One of big areas of contention between my ex and myself had to do with my career paths along with my work ethic and dedication to my work. She would often complain about me never being home, which was simply untrue. At the same time, she was living with me and expect me to provide for the two of us while I was attending college and work two jobs at the same time. She obviously wanted to have hr cake and eat it too. My work addiction is a real thing nowadays with me being a blue collar fellow who writes freelance and works in the service industry. This has left me with little to no time to seek out and find a significant other.

After not being sexually active for a while, I found that stress and depression tended to get to me a much easier than in the past. I eventually discovered that some sort of release was necessary. That’s when I ended up finding a really useful sex toy for masterbating with that feels like actual sex. It’s called the Soloflesh and it is a male masterbator toy made entirely of silicone and you fill it with warm water and apply lubricant to the orifice before using. It is a nice little device that has help keep me up to scratch sexually.

soloflesh-ebony-variant
Interestingly enough, the Soloflesh male masterbator is no longer being sold and the main website no longer exists.
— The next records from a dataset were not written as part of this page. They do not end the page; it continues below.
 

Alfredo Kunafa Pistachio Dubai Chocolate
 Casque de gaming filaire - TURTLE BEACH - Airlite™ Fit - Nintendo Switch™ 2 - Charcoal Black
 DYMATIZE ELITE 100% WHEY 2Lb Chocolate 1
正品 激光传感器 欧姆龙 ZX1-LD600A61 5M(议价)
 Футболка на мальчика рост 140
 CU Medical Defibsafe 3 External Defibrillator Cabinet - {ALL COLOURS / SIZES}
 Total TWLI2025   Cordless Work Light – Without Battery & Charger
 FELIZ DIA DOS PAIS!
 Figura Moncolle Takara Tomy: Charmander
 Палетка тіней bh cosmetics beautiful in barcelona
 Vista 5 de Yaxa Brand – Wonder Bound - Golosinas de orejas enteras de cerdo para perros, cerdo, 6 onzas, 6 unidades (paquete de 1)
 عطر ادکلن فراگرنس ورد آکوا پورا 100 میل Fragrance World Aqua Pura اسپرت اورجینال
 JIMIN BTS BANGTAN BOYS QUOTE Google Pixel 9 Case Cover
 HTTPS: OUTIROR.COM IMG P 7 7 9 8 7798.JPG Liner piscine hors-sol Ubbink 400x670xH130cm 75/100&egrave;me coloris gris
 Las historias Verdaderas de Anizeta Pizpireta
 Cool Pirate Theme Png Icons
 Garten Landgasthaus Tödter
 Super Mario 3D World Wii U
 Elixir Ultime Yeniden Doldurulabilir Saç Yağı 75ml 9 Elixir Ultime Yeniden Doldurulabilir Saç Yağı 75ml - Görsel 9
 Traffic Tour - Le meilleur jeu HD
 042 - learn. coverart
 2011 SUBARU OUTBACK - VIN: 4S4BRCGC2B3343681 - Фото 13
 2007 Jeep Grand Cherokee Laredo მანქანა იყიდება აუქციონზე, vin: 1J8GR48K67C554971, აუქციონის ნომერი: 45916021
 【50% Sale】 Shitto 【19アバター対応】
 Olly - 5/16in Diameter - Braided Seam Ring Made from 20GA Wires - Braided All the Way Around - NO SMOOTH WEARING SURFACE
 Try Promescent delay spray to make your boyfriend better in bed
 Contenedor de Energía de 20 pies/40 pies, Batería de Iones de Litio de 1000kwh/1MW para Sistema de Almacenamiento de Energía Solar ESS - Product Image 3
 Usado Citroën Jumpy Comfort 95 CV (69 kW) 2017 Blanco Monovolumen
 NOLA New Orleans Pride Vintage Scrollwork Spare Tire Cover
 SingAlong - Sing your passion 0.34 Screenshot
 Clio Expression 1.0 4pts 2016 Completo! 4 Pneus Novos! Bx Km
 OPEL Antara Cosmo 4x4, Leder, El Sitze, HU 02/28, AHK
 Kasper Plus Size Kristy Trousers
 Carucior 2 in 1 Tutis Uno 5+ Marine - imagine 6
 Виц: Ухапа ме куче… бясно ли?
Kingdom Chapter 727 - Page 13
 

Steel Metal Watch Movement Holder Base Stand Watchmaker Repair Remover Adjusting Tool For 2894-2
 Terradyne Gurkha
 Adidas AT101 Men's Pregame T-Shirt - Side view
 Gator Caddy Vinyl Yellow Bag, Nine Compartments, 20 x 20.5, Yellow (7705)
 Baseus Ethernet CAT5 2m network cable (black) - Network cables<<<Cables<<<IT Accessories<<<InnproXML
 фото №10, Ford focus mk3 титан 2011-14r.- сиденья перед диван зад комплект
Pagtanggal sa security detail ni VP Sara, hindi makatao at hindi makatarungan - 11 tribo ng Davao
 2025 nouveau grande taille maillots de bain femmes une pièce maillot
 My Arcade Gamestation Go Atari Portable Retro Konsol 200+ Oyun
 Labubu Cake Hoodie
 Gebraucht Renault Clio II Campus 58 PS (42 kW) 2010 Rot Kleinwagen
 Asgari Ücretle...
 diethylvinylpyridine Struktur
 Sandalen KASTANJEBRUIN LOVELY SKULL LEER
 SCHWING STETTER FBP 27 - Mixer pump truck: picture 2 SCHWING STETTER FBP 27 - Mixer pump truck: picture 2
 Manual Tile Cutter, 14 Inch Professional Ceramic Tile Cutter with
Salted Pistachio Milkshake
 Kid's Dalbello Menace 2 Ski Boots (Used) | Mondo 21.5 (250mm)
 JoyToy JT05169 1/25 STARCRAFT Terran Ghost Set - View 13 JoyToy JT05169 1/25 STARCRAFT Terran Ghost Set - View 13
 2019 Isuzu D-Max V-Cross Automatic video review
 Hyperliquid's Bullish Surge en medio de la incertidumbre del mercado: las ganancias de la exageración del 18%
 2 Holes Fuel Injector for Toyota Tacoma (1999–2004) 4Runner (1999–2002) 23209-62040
I ended up purchasing the “ebony” variant because of my preference for dark-skinned women. It has served me very well for the last couple of years. However, it eventually dawned on me that what I longed for was a sense of female companionship. This all came to a head in mid 2015 when I stumbled on a YouTube video in late June that was a love doll documentary called “Love Me, Love My Doll – Real Stories.”

It was a shocking and eye-opening experience for me and I think I watched it once a day for an entire fortnight straight. Not to bother you with a lengthy review (I’ll save that for another time), but it focuses on a few men who have a love doll or multiple love dolls for their own reasons. One man has a doll as a romantic companion, another has a few for that reason and also uses them for photography, another is more interested in the more sexual aspects of it and the last has developed a hobby out of collecting them like one would collect stamps. The documentary also looks at the workshops that create these love dolls, but the men’s stories are far more interesting because they cover possibly all the reasons why a man could ever contemplate owning a doll of his own.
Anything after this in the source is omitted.